There are several pictures of Sri Sri Ravi Shankar hanging on the walls at my home in Trichur, where my mother stays.
One reason for that is my mother believes the founder of the Art of Living looks like me. I suppose in old age one's mind fails.
Sri Sri - and I have often wondered the meaning of the double honorific; it is like saying Mr Mr Kailash Satyarthi - is not yet that old. He is only 59. But already a kind of dementia seems to have seized him.
On Monday, he said he had rejected the Nobel Peace Prize and, in the same breath, said, Malala Yousafzai should not have been given one, as "she has done nothing." This is not entirely correct, because Malala did take a Taliban bullet in her head.
One presumes 2014, when Malala and Satyarthi shared the prize, was the year Mr Mr rejected the Nobel. Or maybe it was some other year. It barely makes a difference because rejecting the Nobel, no matter which year, must account for a strong political statement.
Mr Mr did hint at why he rejected the prize; he said the Nobel was a political prize. But then why did he apply for it? Of course, according to Nobel norms, anyone can be nominated for the prize at postmaster@nobel.no . So maybe the nomination was done on his behalf by someone else, or by his own Art of Living foundation without his knowledge. But still to reject the peace prize just like that… One can only say So Hum (I Am That). ["That" obviously stands in for Malala.]

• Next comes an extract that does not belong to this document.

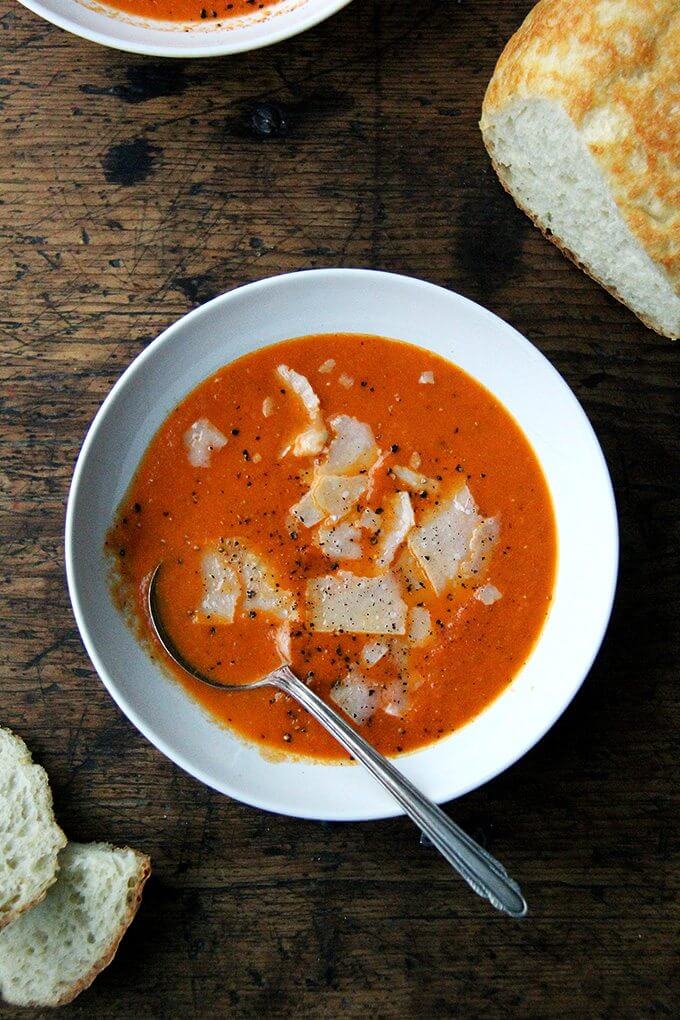 An overhead shot of a bowl of tomato soup with a spoon in it, shaved parmesan, and freshly cracked pepper.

Sri Sri Ravi Shankar of the Art of Living. |
On Monday, Mr Mr was visiting the drought-stricken Latur to do further good to the region. No breathing in and breathing out - a technique Mr Mr has made a fortune out of, and a technique whose total non-practice is likely to result in the immediate death of the disbeliever - is likely to make the Latur farmers dance in ecstasy.
Mr Mr has said he would do his best by Latur. He had irrigation in mind. But you need water for irrigation, no, Mr Mr? But he might well have rejected in his head the idea of irrigation with water. Irrigation without water is any day preferable.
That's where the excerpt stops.